Developing an AI system with Markov chains
Sure-Fire Success
Markov chains model systems that jump from state to state with predetermined probabilities, but can they help write new columns like this one after learning from previously written articles?
Hard to believe, but true: This edition of my programming column marks its 20-year anniversary. Lately, I've been diving into artificial intelligence topics, a field that is increasingly replacing traditional jobs, but I wonder if a machine could possibly one day replace authors like me? An AI system would certainly have a number of advantages over a human writer, because a robot would no doubt deliver the manuscript on time every time, to the amazement of my editors, who are not fond of my bad habit of watching deadlines swoosh by. Also, I could afford to work less hard and have more time to kick back, relax, and spend my days pursuing my surfing hobby at various Pacific beaches (Figure 1).
Moody like the Weather
An algorithm that writes columns automatically could be implemented as a so-called Markov chain, named after the Russian mathematician Andrei Markov. Markov chains are stochastic processes with different states that change according to predetermined probabilities.

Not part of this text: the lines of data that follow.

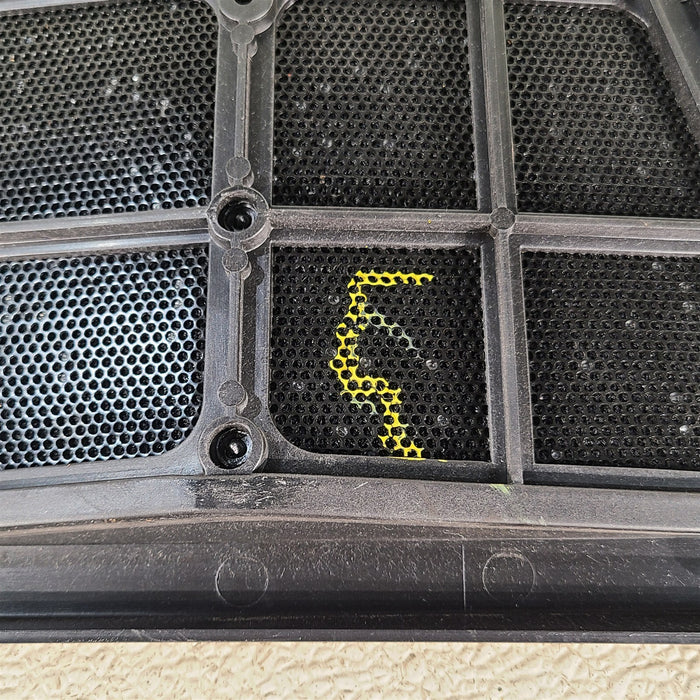 47180784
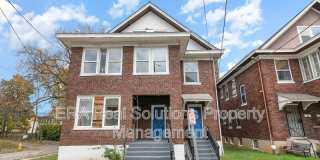 3566 Estes Place Gallery 1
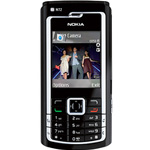 ŵ N72 ɫ(128M)У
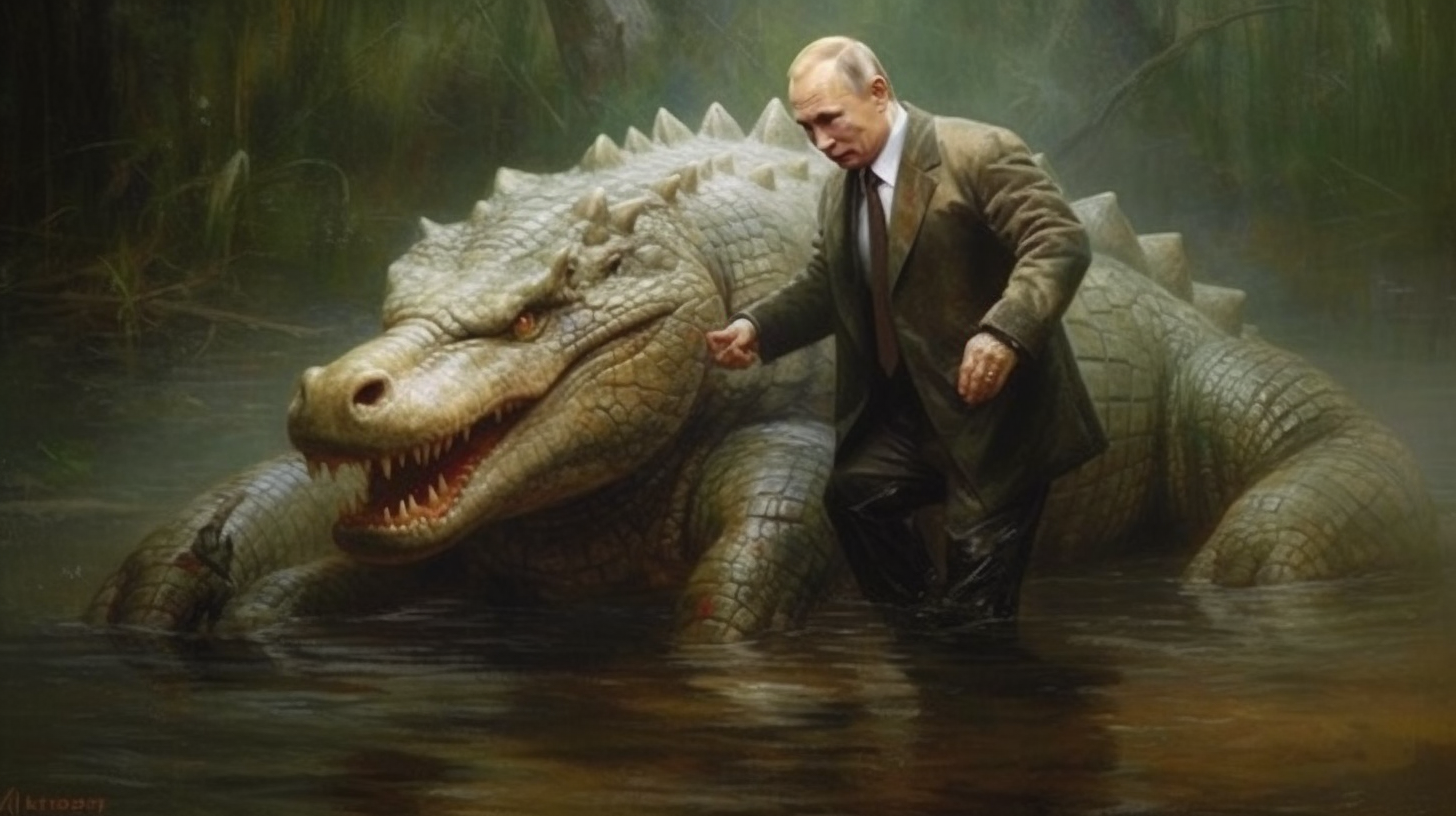 3568_Putin_tames_a_wild_crocodile_in_deep_river_photorea_8f614630-f25d-44ed-8f00-42c4aab773cf-2.png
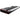 Novation IMPULSE 49-Key Ableton Live MIDI USB Keyboard Controller+Headphones+Mic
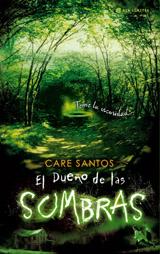 Cinco libros de los que me gustaría leer continuaciones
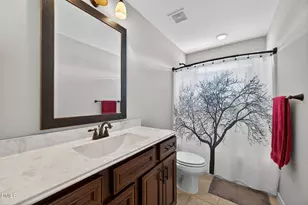 24 Kaki Ct, Selma, NC 27576 - Photo 37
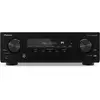 Image de Pioneer VSX-835D (7.2 canaux, DAB+, FM), Récepteur AV, Noir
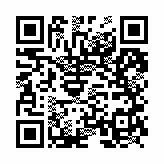 その他　同タイプ別部屋３６０°ＶＲ画…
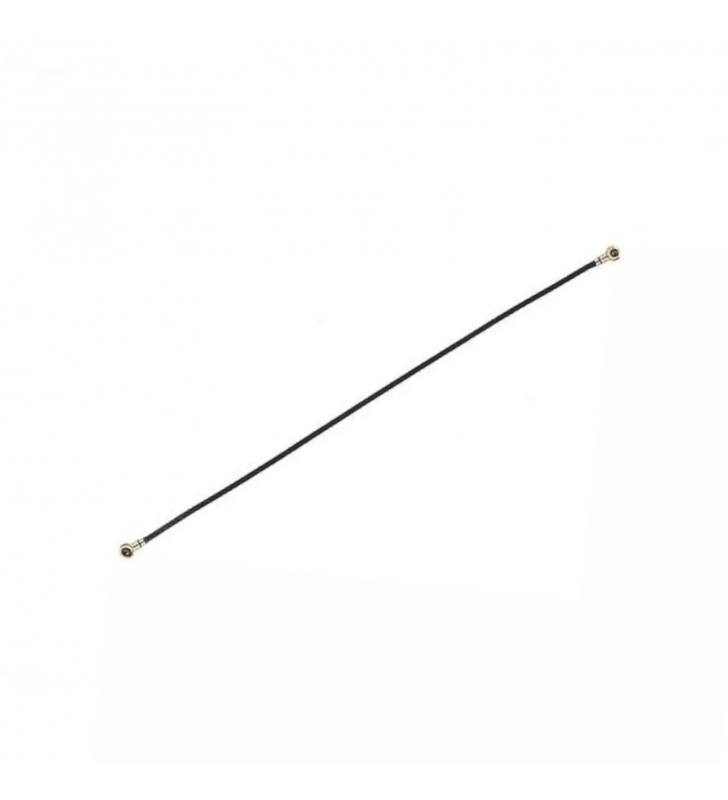 Cable Coaxial de Antena para Xiaomi Redmi Note 12S 2303CRA44A
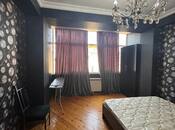 Продаётся 2-комн. новостройка 60 м², пос. Масазыр, photo 3 from 8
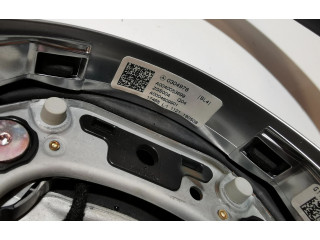 Volant Mercedes-Benz C W205 2019 A0040053699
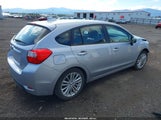 SUBARU IMPREZA 2.0I LIMITED JF1GPAK61G8311584 fotografie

The weather forecasting model shown in Figure 2, for example, says the chance of a sunny day following a "Sun" state is 65 percent. At 30 percent, the weather will change to the "Clouds" state, and at 5 percent, it goes directly to the "Rain" state. The probabilities apply only to the current state; a change to the next state does not require knowledge of any event in the past, so the probability of a transition is very easy to calculate.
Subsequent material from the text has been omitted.